En peu de temps, il aura fiché près de quarante résistants. Par conséquent, la Wehrmacht et la Gestapo procèdent à plusieurs dizaines d’arrestations, décapitant ainsi la Résistance dans le Sud de la Saône-et-Loire. Seuls Vincent Bertheaud (« Tarzan »), De La Ferté (« Férent »), Claude Rochat (« Guillaume »), Boulay et Mangin[6], écrit C. Rochat[7], échappent au coup de filet.  

L’arrestation

Tout commence à Mont-Cortevaix : les 17 et 18 janvier 1944, les Allemands embarquent Chevillon et Dargaud et brûlent trois maisons. Les deux résistants seront déportés à Mauthausen où ils décèdent. Puis, le dimanche 23 janvier, après avoir arrêté Jean Greyfié de Bellecombe à Charnay-les-Mâcon, l’épouse de Vincent Bertheaud « Alias « Tarzan », fondateur du maquis de Cruzille) à Burgy, la Gestapo part pour Cormatin. Là, ils trouvent Maurice Pagenel.

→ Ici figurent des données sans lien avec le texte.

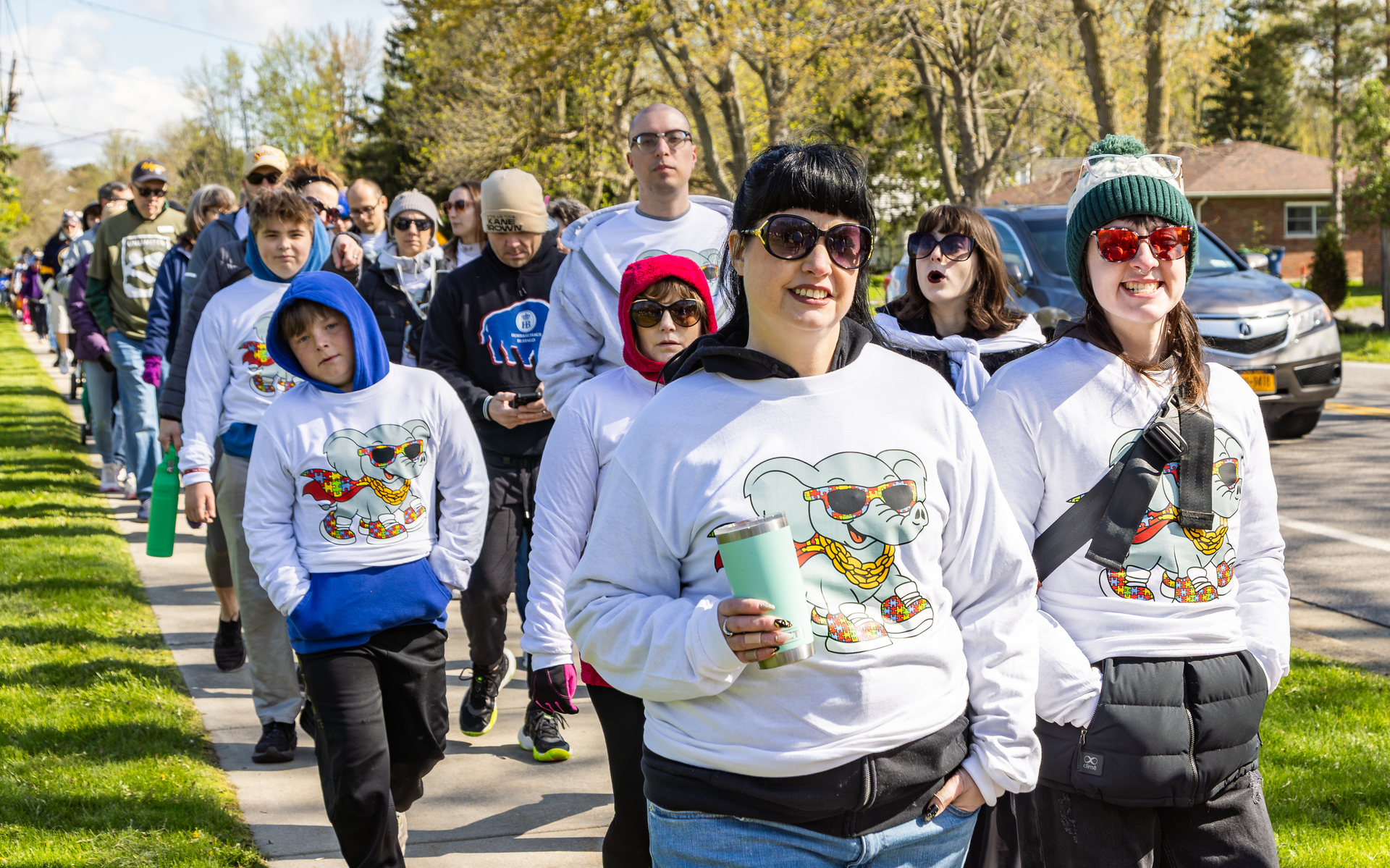 A group of people in white sweatshirts walk down the sidewalk.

Il est arrêté en compagnie de ses adjoints Louis Salin « Ricou[8] » et Louis Delorieux[9]. On découvre chez lui des armes, des munitions et des cartes d’alimentation. Les hommes sont embarqués sans ménagement et la voiture prend la direction de Blanot. À leur tour, Jusseau, Sangoy, Pierre, Joanny et Joseph Commerçon sont appréhendés.

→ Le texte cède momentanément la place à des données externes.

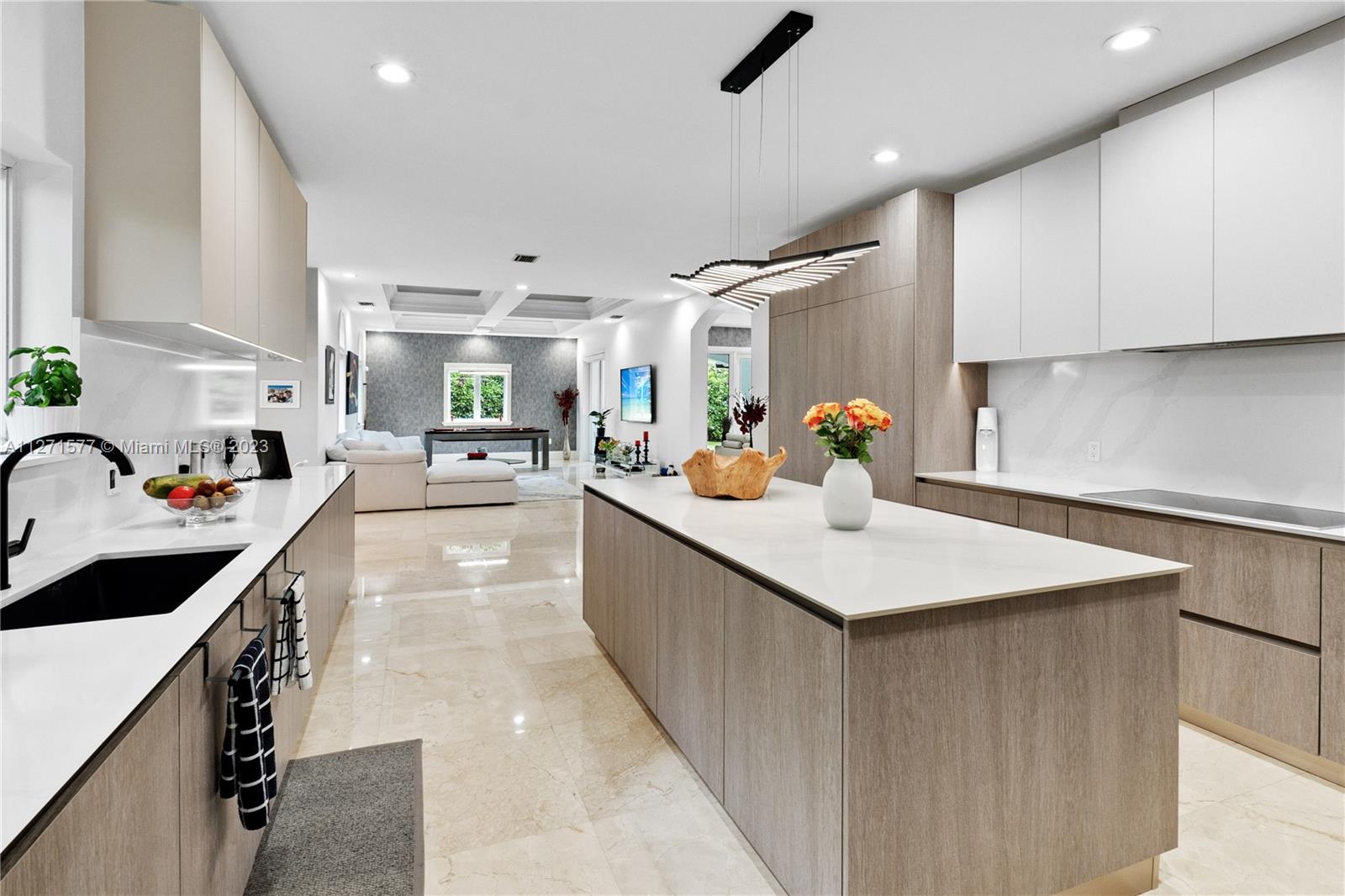 7740 Southwest 128th Street Pinecrest, FL 33156 - Photo 30 of 56 a kitchen with a sink appliances and cabinets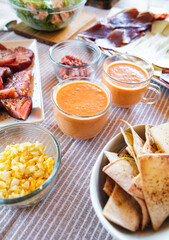 Spanish Salmorejo with Assorted Tapas on a Table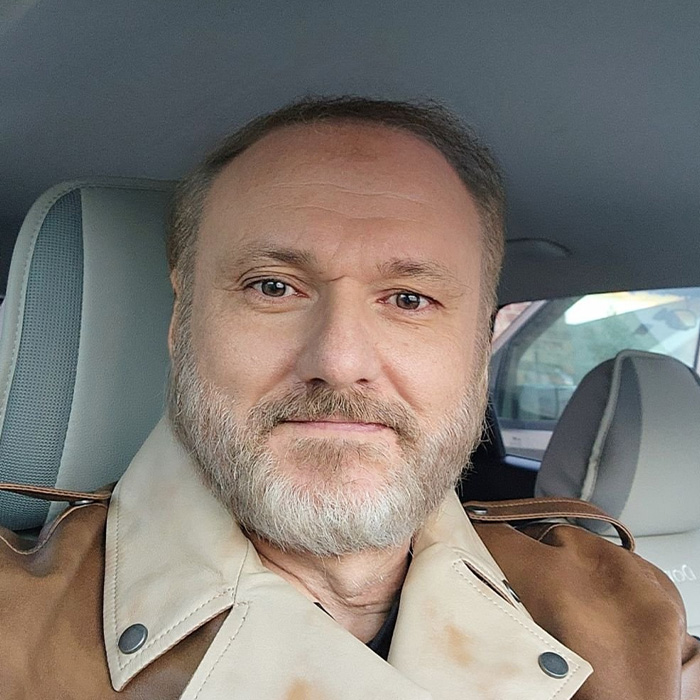 Man with beard and coat sitting in a car, related to ICE slammed for not letting detained father attend son's funeral.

Après une courte halte à Mâcon, ils arrivent au siège de la Gestapo, avenue Berthelot. Pagenel n’en sortira pas vivant : première version : il meurt sous la torture dans la nuit du 28 au 29 janvier. Deuxième version relatée par un article de journal censuré : « Le samedi 29 janvier 1944, Maurice Pagenel est retrouvé pendu dans sa geôle du siège de la Gestapo, 14 rue Berthelot à Lyon ».

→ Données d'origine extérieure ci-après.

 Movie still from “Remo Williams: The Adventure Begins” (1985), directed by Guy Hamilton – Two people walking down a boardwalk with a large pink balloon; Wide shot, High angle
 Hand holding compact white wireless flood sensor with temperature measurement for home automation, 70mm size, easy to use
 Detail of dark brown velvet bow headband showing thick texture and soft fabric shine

Maurice Pagenel obtint la mention « Mort pour la France » le 9 mai 1946. Son nom figure sur le mémorial 1939-1945, à Beaubery, sur le monument commémoratif 1939-1945, à Chapaize, sur le monument des maquisards au col de Brancion, à Martailly-lès-Brancion. À Cormatin, on retrouve son nom sur le monument aux morts, sur une plaque commémorative à son nom et sur le monument commémoratif des patriotes, résistants et maquisards.


[1] Martinerie, Jean. Éléments pour une approche historique de la résistance en Clunysois et lieux circonvoisins. Beaubery : imp. Turboprint, 2010, 311p., p. 19.

[2] Rapport n°7 de l’espion Garcia, 20 novembre 1943.

[3] Voir sur le blog les articles : « L’affaire de Prayes », « Les rebondissements de l’affaire de Prayes » et « Enfin la vérité sur l’affaire de Prayes ».

[4] Rochat, Claude. Les Compagnons de l’espoir. Mâcon : ANACR de Saône-et-Loire, 1987, 319 p.,p. 69.

[5] Garcia sera arrêté à la fin de l’année 1945. Traduit devant la Cour de Justice de Dijon, il est condamné à mort et exécuté le 28 octobre 1946.

[6] Mangin, du maquis de Beaubery, sera tué à Laives début septembre, son convoi ayant été mitraillé par l’aviation américaine.

[7] Rochat, Claude. Les Compagnons de l’espoir…, op.cit., p. 71.

[8] Louis Salin sera fusillé au lieu-dit « Tossard », en bordure de la route nationale n° 436 près de Villeneuve, dans l’Ain, le 13 juin 1944. Voir sur le blog la biographie de Louis Salin.

[9] Louis Delorieux -transféré à Montluc- est sorti de la prison le 12 juin 1944 avec vingt autres prisonniers. Il est abattu sur la route de Civrieux, commune de Neuville-sur-Saône.